** Opening Data provided block **
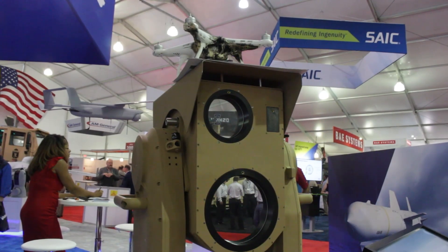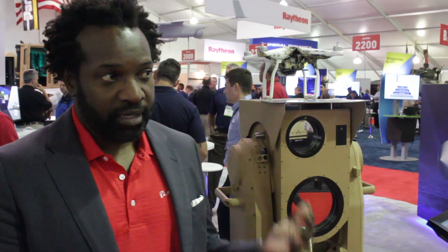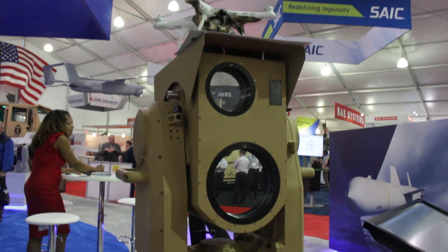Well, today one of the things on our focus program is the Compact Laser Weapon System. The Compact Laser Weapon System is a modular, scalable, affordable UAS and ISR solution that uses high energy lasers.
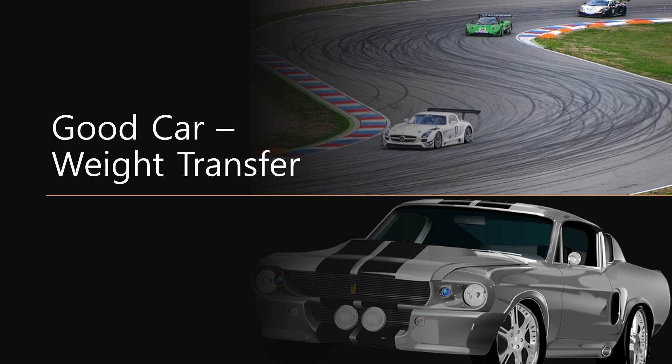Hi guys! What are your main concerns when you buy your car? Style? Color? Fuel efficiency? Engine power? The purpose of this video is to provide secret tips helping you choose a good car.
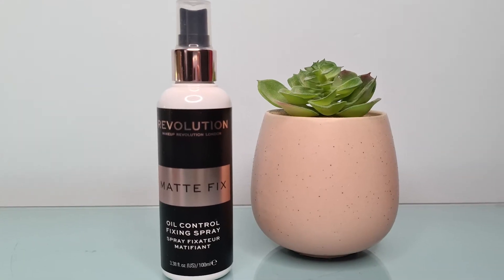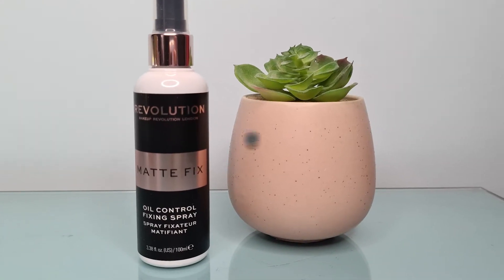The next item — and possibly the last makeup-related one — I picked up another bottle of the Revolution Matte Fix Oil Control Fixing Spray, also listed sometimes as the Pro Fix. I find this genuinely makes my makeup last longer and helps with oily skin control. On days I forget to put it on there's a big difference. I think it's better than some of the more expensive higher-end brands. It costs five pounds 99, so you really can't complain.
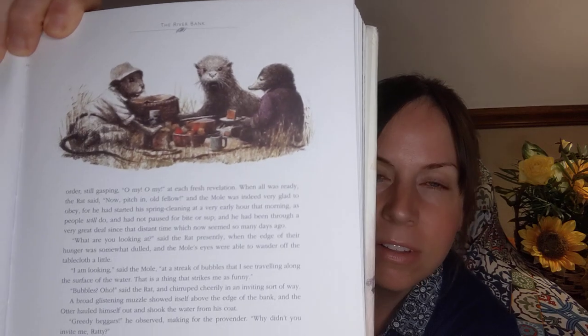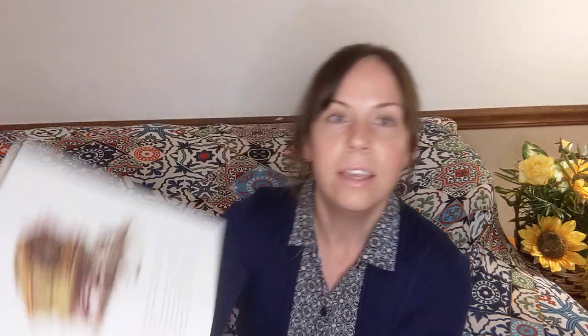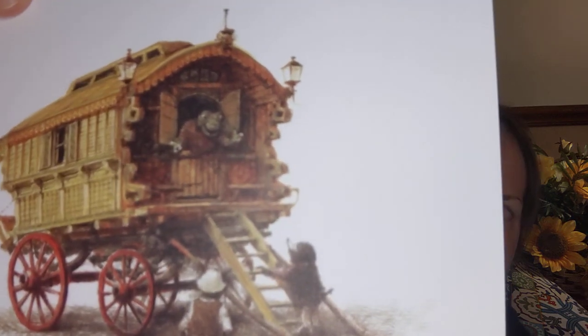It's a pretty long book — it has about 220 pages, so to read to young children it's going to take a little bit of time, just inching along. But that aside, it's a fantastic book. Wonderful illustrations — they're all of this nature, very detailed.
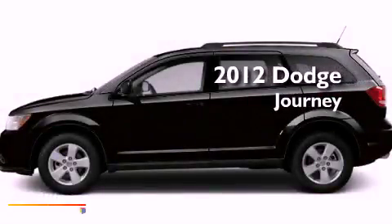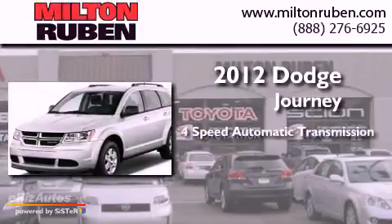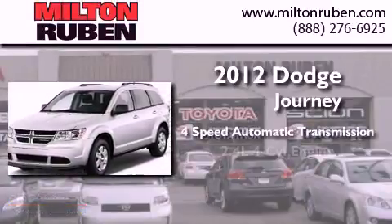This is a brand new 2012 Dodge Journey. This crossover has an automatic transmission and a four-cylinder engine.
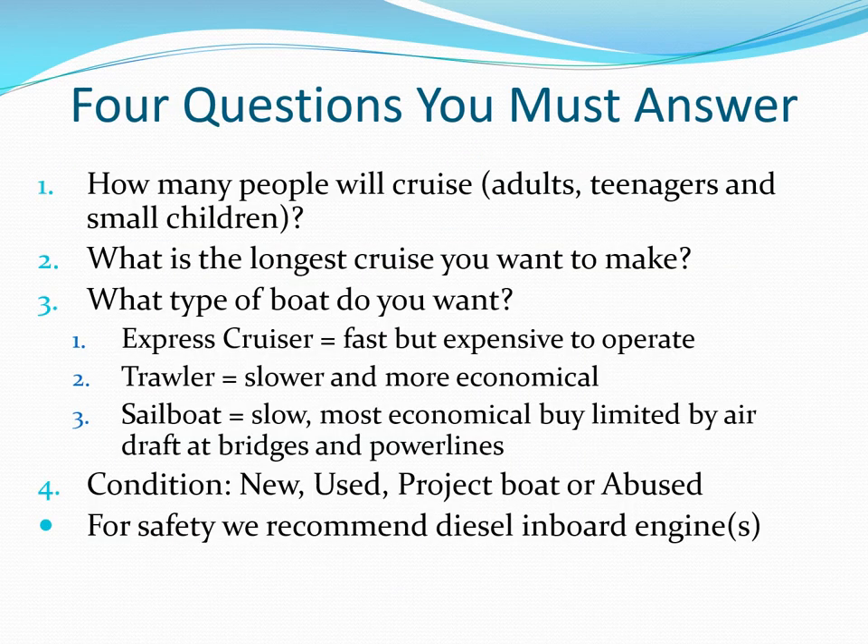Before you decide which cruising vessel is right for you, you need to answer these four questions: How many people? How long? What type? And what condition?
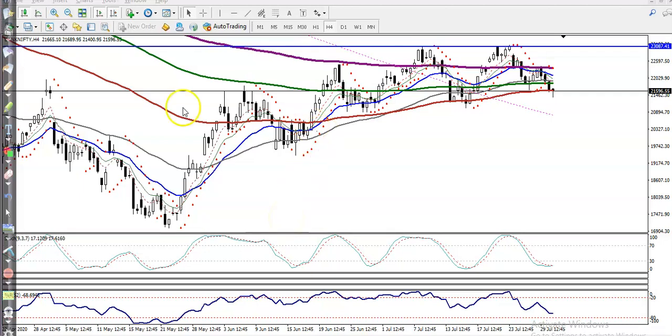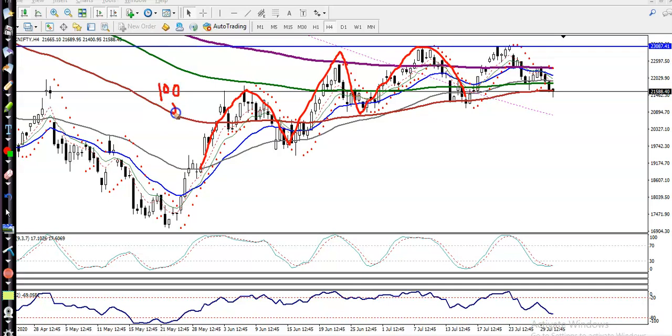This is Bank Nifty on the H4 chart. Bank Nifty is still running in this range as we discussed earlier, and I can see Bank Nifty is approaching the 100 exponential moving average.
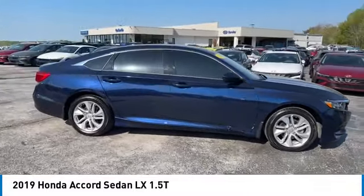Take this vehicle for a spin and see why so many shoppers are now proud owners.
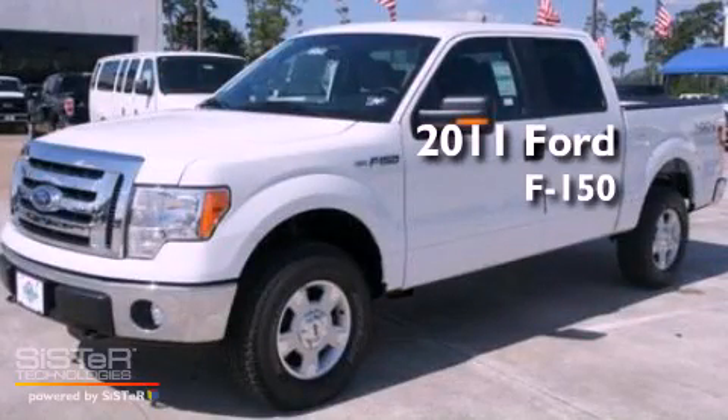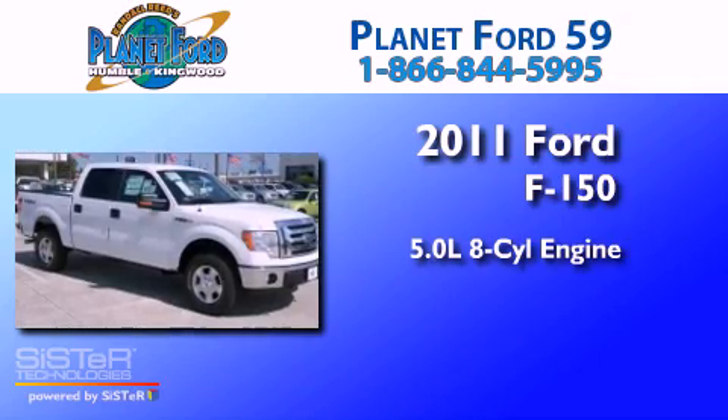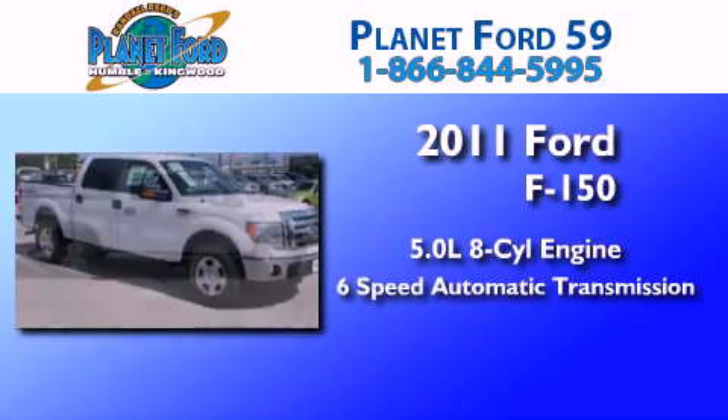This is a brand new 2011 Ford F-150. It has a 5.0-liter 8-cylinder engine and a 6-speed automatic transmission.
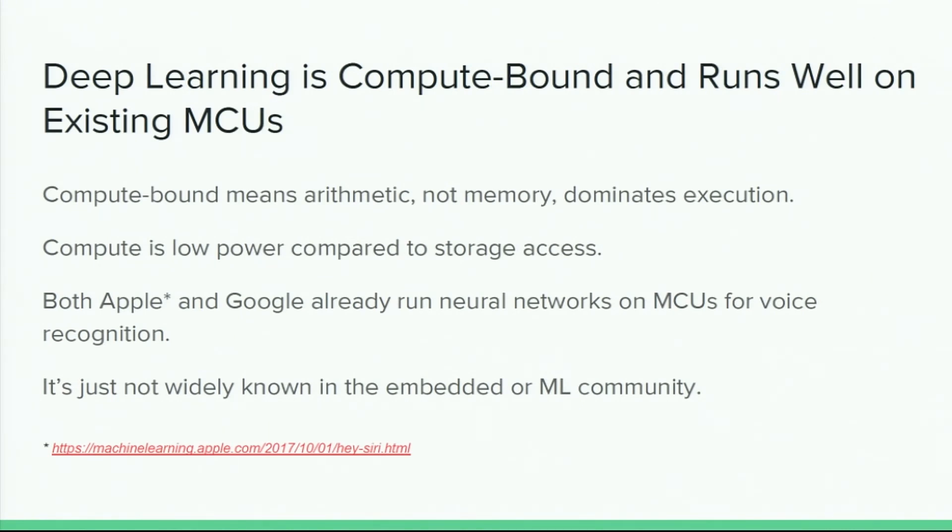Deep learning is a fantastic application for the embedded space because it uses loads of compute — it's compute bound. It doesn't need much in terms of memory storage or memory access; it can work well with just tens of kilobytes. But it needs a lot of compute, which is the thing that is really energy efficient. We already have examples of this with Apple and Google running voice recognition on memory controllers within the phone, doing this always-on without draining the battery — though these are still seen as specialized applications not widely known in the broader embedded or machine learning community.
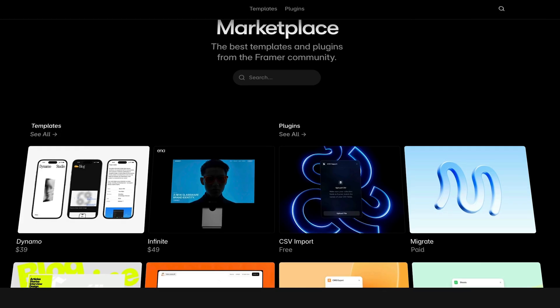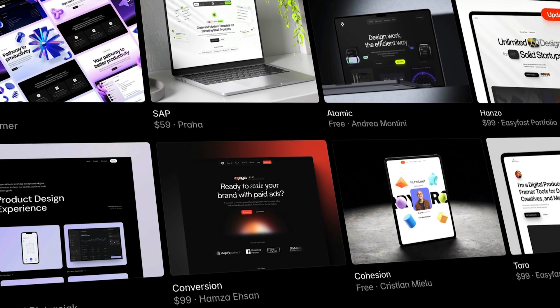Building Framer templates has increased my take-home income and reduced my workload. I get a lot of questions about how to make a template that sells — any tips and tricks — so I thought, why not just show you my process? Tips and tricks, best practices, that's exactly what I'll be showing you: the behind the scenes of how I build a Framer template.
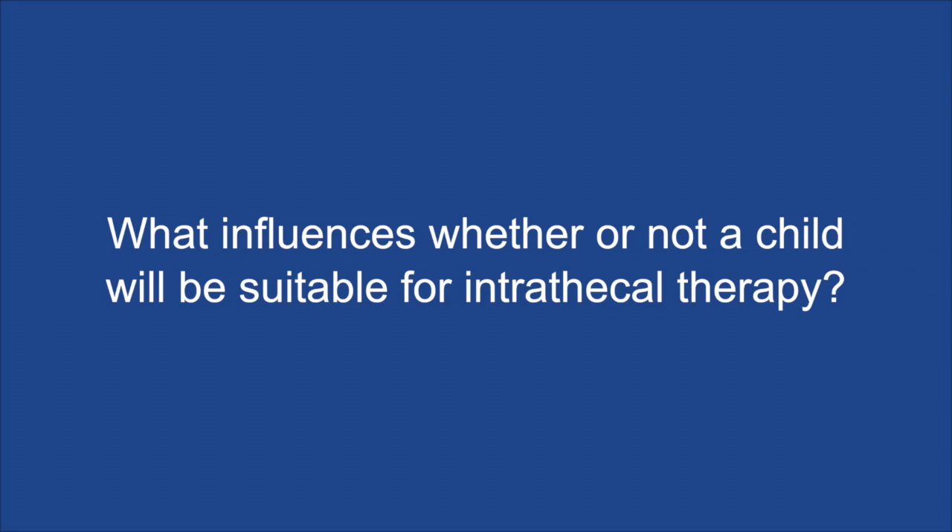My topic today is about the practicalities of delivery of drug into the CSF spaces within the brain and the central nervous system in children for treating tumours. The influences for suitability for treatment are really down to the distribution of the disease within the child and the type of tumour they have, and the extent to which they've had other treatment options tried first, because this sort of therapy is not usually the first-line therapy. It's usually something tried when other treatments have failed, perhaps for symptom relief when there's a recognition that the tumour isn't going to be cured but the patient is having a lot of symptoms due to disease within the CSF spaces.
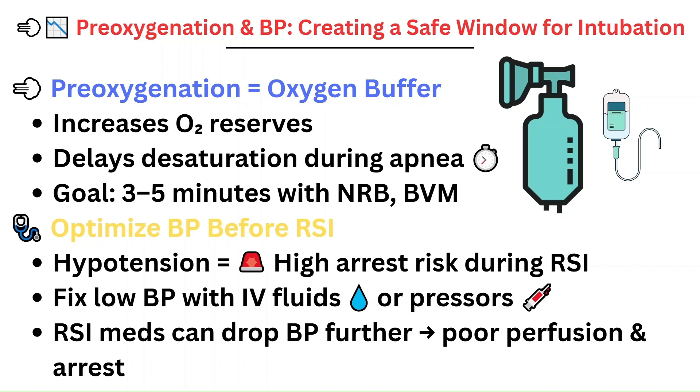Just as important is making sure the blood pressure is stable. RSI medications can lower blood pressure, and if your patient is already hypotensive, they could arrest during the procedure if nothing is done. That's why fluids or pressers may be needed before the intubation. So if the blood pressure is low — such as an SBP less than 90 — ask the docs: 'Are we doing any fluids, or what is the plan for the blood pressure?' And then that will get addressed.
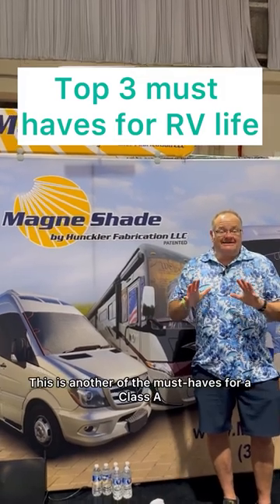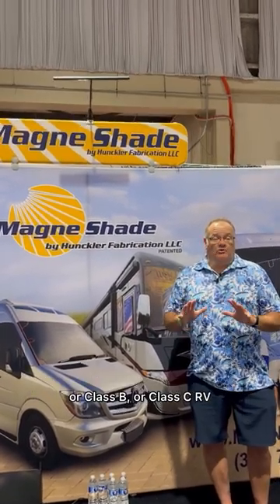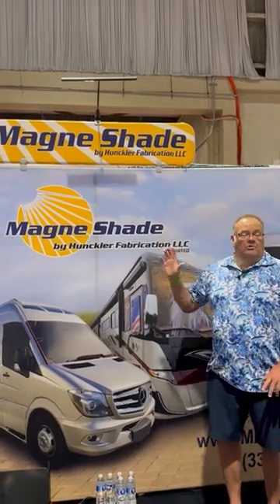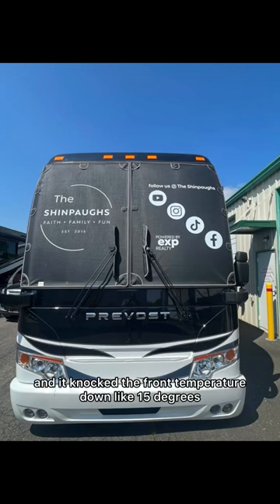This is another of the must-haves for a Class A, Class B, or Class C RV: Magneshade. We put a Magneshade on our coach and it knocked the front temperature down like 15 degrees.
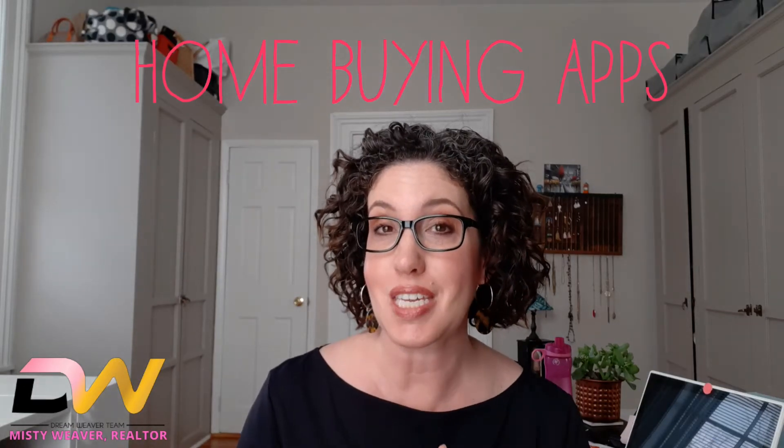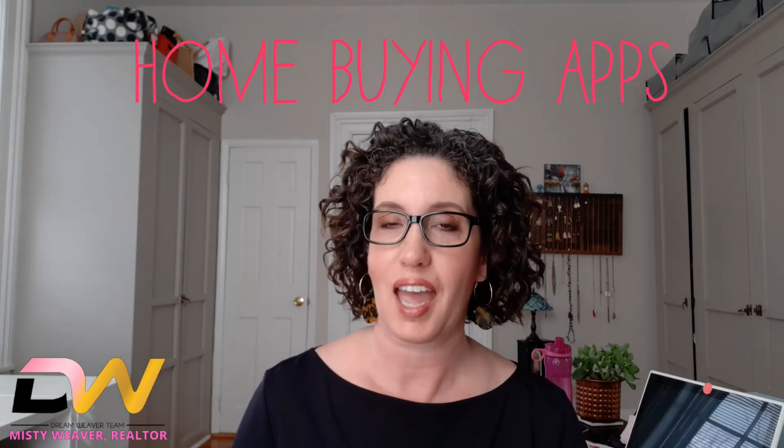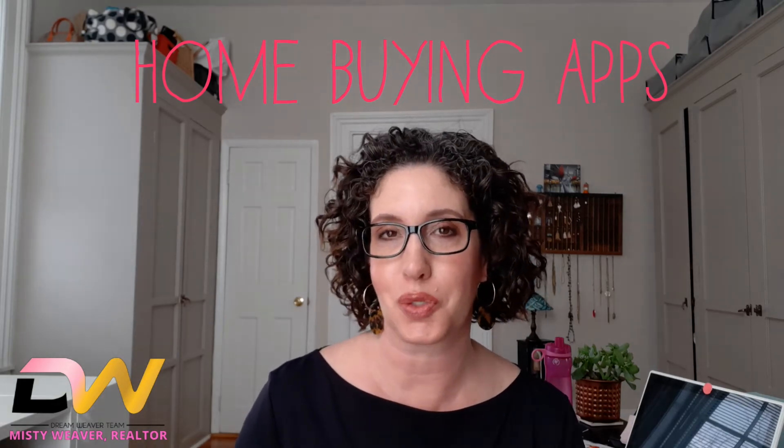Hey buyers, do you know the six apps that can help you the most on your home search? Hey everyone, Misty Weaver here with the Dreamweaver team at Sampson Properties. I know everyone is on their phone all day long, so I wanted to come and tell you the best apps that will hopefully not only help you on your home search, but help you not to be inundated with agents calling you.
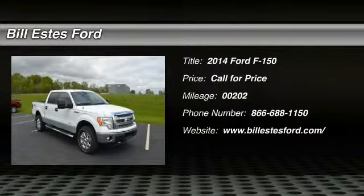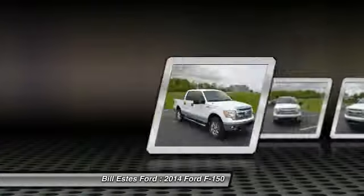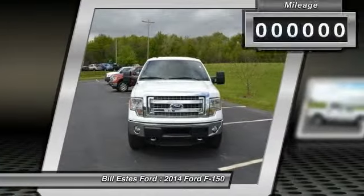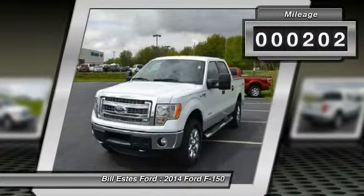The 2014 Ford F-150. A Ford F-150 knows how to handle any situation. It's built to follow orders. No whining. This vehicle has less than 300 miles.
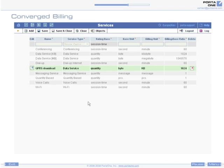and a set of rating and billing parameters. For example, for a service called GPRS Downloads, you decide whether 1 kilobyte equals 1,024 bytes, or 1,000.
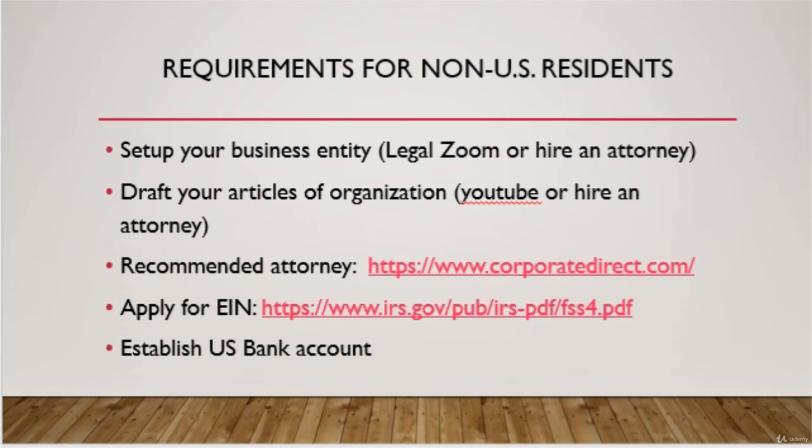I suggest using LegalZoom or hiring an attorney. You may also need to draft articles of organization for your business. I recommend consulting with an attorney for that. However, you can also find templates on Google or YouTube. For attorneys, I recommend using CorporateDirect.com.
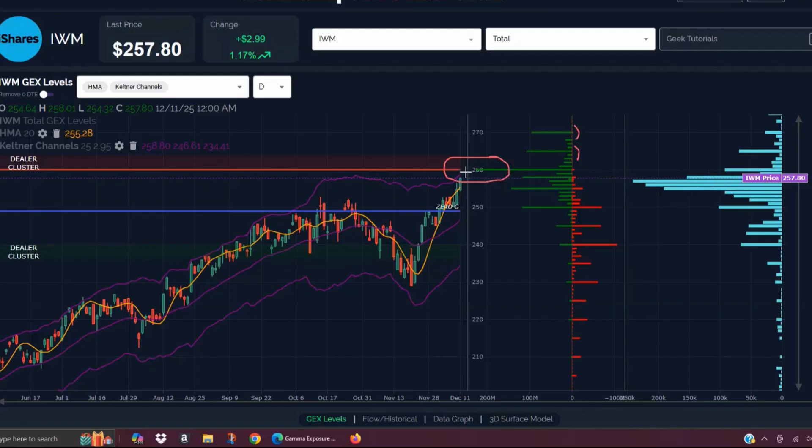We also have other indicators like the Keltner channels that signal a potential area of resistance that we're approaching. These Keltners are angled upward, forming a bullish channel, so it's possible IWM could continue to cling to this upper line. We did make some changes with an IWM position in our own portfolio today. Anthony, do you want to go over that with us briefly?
** Closing Data provided block **
Exercise requirements
What is needed is an exact copy of all the records, minus any pictures.

Response area
Well, today one of the things on our focus program is the Compact Laser Weapon System. The Compact Laser Weapon System is a modular, scalable, affordable UAS and ISR solution that uses high energy lasers.
Hi guys! What are your main concerns when you buy your car? Style? Color? Fuel efficiency? Engine power? The purpose of this video is to provide secret tips helping you choose a good car.
The next item — and possibly the last makeup-related one — I picked up another bottle of the Revolution Matte Fix Oil Control Fixing Spray, also listed sometimes as the Pro Fix. I find this genuinely makes my makeup last longer and helps with oily skin control. On days I forget to put it on there's a big difference. I think it's better than some of the more expensive higher-end brands. It costs five pounds 99, so you really can't complain.
It's a pretty long book — it has about 220 pages, so to read to young children it's going to take a little bit of time, just inching along. But that aside, it's a fantastic book. Wonderful illustrations — they're all of this nature, very detailed.
This is a brand new 2012 Dodge Journey. This crossover has an automatic transmission and a four-cylinder engine.
Before you decide which cruising vessel is right for you, you need to answer these four questions: How many people? How long? What type? And what condition?
This is Bank Nifty on the H4 chart. Bank Nifty is still running in this range as we discussed earlier, and I can see Bank Nifty is approaching the 100 exponential moving average.
Take this vehicle for a spin and see why so many shoppers are now proud owners.
This is a brand new 2011 Ford F-150. It has a 5.0-liter 8-cylinder engine and a 6-speed automatic transmission.
Deep learning is a fantastic application for the embedded space because it uses loads of compute — it's compute bound. It doesn't need much in terms of memory storage or memory access; it can work well with just tens of kilobytes. But it needs a lot of compute, which is the thing that is really energy efficient. We already have examples of this with Apple and Google running voice recognition on memory controllers within the phone, doing this always-on without draining the battery — though these are still seen as specialized applications not widely known in the broader embedded or machine learning community.
Building Framer templates has increased my take-home income and reduced my workload. I get a lot of questions about how to make a template that sells — any tips and tricks — so I thought, why not just show you my process? Tips and tricks, best practices, that's exactly what I'll be showing you: the behind the scenes of how I build a Framer template.
My topic today is about the practicalities of delivery of drug into the CSF spaces within the brain and the central nervous system in children for treating tumours. The influences for suitability for treatment are really down to the distribution of the disease within the child and the type of tumour they have, and the extent to which they've had other treatment options tried first, because this sort of therapy is not usually the first-line therapy. It's usually something tried when other treatments have failed, perhaps for symptom relief when there's a recognition that the tumour isn't going to be cured but the patient is having a lot of symptoms due to disease within the CSF spaces.
Just as important is making sure the blood pressure is stable. RSI medications can lower blood pressure, and if your patient is already hypotensive, they could arrest during the procedure if nothing is done. That's why fluids or pressers may be needed before the intubation. So if the blood pressure is low — such as an SBP less than 90 — ask the docs: 'Are we doing any fluids, or what is the plan for the blood pressure?' And then that will get addressed.
This is another of the must-haves for a Class A, Class B, or Class C RV: Magneshade. We put a Magneshade on our coach and it knocked the front temperature down like 15 degrees.
Hey buyers, do you know the six apps that can help you the most on your home search? Hey everyone, Misty Weaver here with the Dreamweaver team at Sampson Properties. I know everyone is on their phone all day long, so I wanted to come and tell you the best apps that will hopefully not only help you on your home search, but help you not to be inundated with agents calling you.
The 2014 Ford F-150. A Ford F-150 knows how to handle any situation. It's built to follow orders. No whining. This vehicle has less than 300 miles.
and a set of rating and billing parameters. For example, for a service called GPRS Downloads, you decide whether 1 kilobyte equals 1,024 bytes, or 1,000.
I suggest using LegalZoom or hiring an attorney. You may also need to draft articles of organization for your business. I recommend consulting with an attorney for that. However, you can also find templates on Google or YouTube. For attorneys, I recommend using CorporateDirect.com.
We also have other indicators like the Keltner channels that signal a potential area of resistance that we're approaching. These Keltners are angled upward, forming a bullish channel, so it's possible IWM could continue to cling to this upper line. We did make some changes with an IWM position in our own portfolio today. Anthony, do you want to go over that with us briefly?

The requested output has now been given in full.